Does anyone know of any companies that offer an Internet only service, and what they typically charge for their max speed?

The only one I have found so far is VozPlus, who offer short term internet access only, for a 10Mb service, and charge €345 for 20 weeks (which works out at approx €69/month), and for a long-term contract they charge €53.12 (inc VAT) per month for 10Mb. 

Cheers

Wibs


----------



## The Skipper (Nov 26, 2014)

Wibs said:


> I have been looking at offers for Internet in the Fuengirola, El Faro, La Cala area of the Costa del Sol. The problem is the one's I have looked at so far bundle the internet with telephone and/or various UK TV channels.
> 
> However, I can receive UK TV (which I don't watch much of to be honest) over the Internet with services such as Filmon if I really wanted to.
> 
> ...


Satellite internet is available anywhere in Europe where you can see the sky and have space for a dish. See https://www.europasat.com/


----------



## snikpoh (Nov 19, 2007)

The Skipper said:


> Satellite internet is available anywhere in Europe where you can see the sky and have space for a dish. See https://www.europasat.com/


It really depends where you are - there are (apparently) no installers near here so a friend couldn't get it installed.

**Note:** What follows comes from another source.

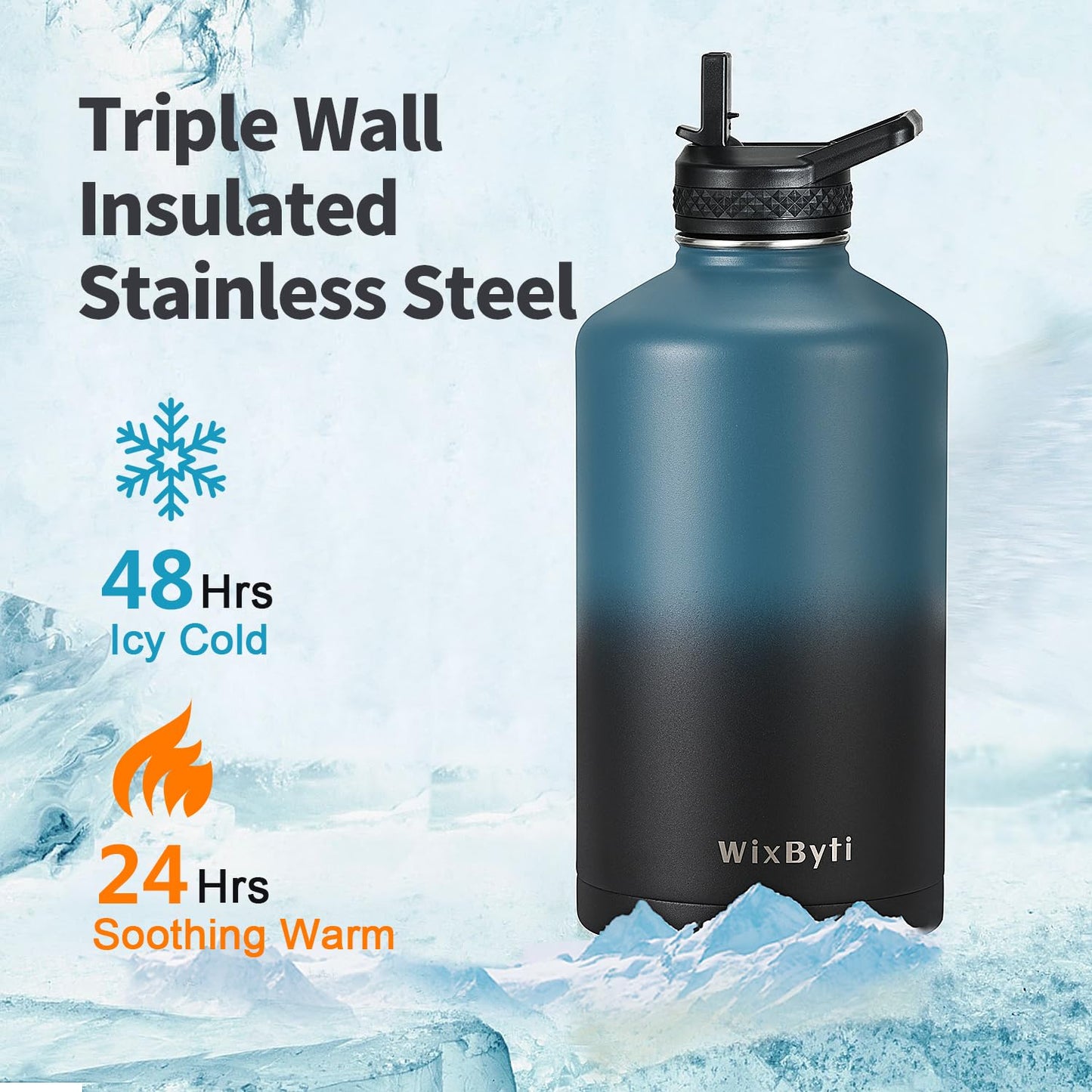 WixByti One Gallon Water Bottle Insulated with DIY Stickers, Triple Wall Vacuum Cold for 48 Hrs Leak-proof Non-BPA, 128oz Large Sports Stainless Steel Water Jug with Paracord Handle Straw Spout Lids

They did eventually get satellite internet but it's never fast enough to do anything with and goes off between 10am and midnight! Their excuse - too much space debris! No engineer will come and look at the installation to see if it's OK - and this in a fairly large town!

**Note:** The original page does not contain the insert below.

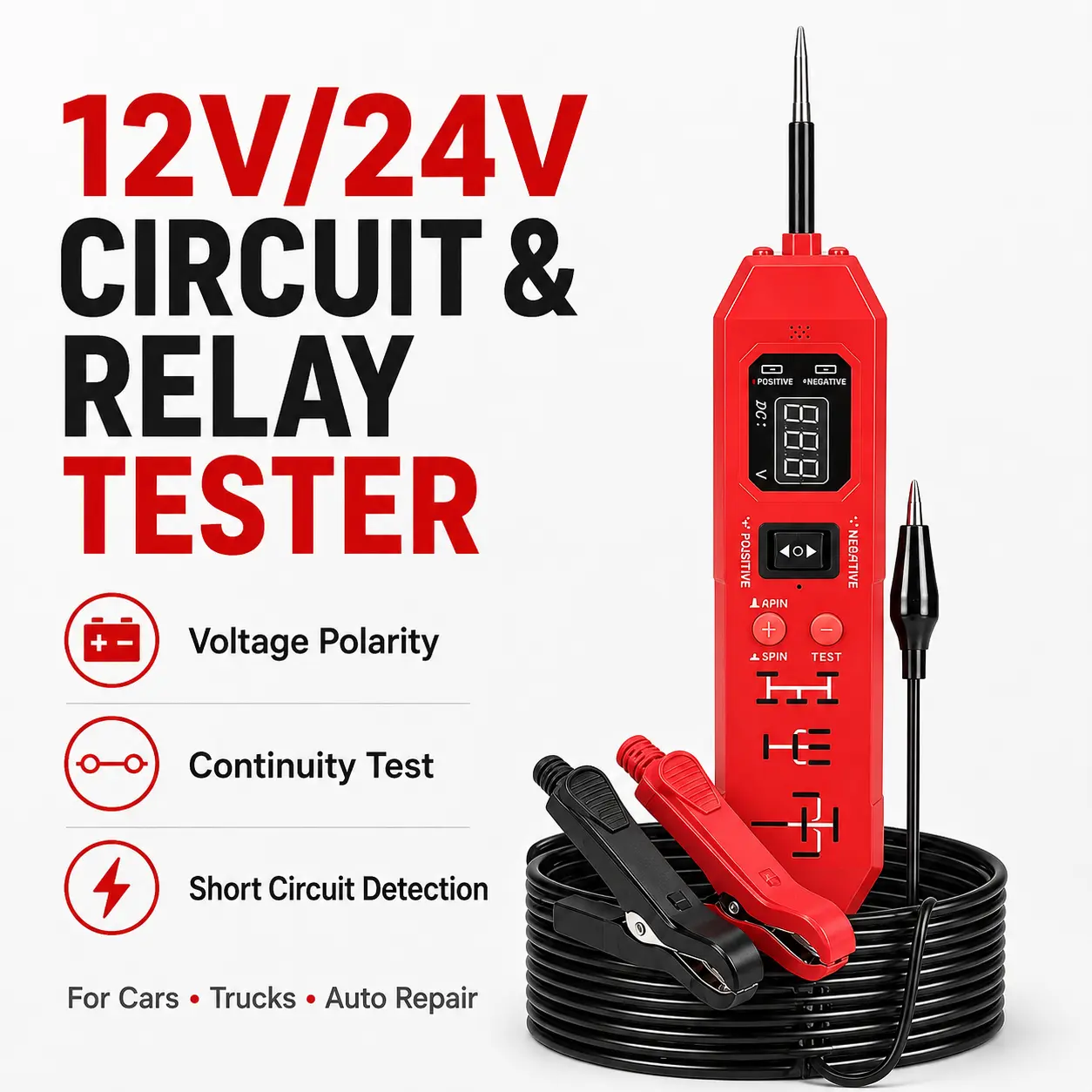 Automotive Electrical Diagnostic Tester for 12V/24V Vehicles, Multi-Function Circuit & Relay Probe with Voltage Polarity, Continuity and Short Circuit Detection for Car Maintenance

So, satellite internet is not necessarily the panacea that you make it out to be.


----------



## The Skipper (Nov 26, 2014)

snikpoh said:


> It really depends where you are - there are (apparently) no installers near here so a friend couldn't get it installed.
> 
> They did eventually get satellite internet but it's never fast enough to do anything with and goes off between 10am and midnight! Their excuse - too much space debris! No engineer will come and look at the installation to see if it's OK - and this in a fairly large town!
> 
> ...


We´ve been using Tooway satellite internet for three years without any trouble whatsoever (I´m touching wood as I write!). We have consistently fast download speeds and download British TV programmes and make regular video calls. We do most of our biggest downloads overnight because there is no download limit between 11pm and 7am and have never experienced a problem. Our tariff gives us 20gb a month daytime download allowance which we usually get close to using. Our system was installed by an English chap based in Denia but there are now many Spanish companies offering Tooway, including one in Alcoy. You can even order it through El Corte Inglés. There are several other satellite systems that are not as good as Tooway and Tooway itself was not that brilliant until they launched the new Ka-band satellite in 2011, which dramatically improved speed and reliability.


----------



## Rabbitcat (Aug 31, 2014)

Problem is for watching tv during peak viewing hours- esp live Sport etc- the download limit would be way too small for us. Unlimited would be needed


----------



## Pazcat (Mar 24, 2010)

If you know the name of the street or at least the area you can pick an address and check for adsl coverage on the movistar website. 
https://www.movistar.es/coberturas?canalOrigen=3bf15c2c62270410VgnVCM1000003028240aRCRD

If you can get a package with movistar then it's likely that yoigo, orange and other adsl companies can get to you too.
As to what packages they offer I don't know them all but the basic movistar fusion is much cheaper than what you mentioned in the OP so even if it comes with tv channels it's not a worry.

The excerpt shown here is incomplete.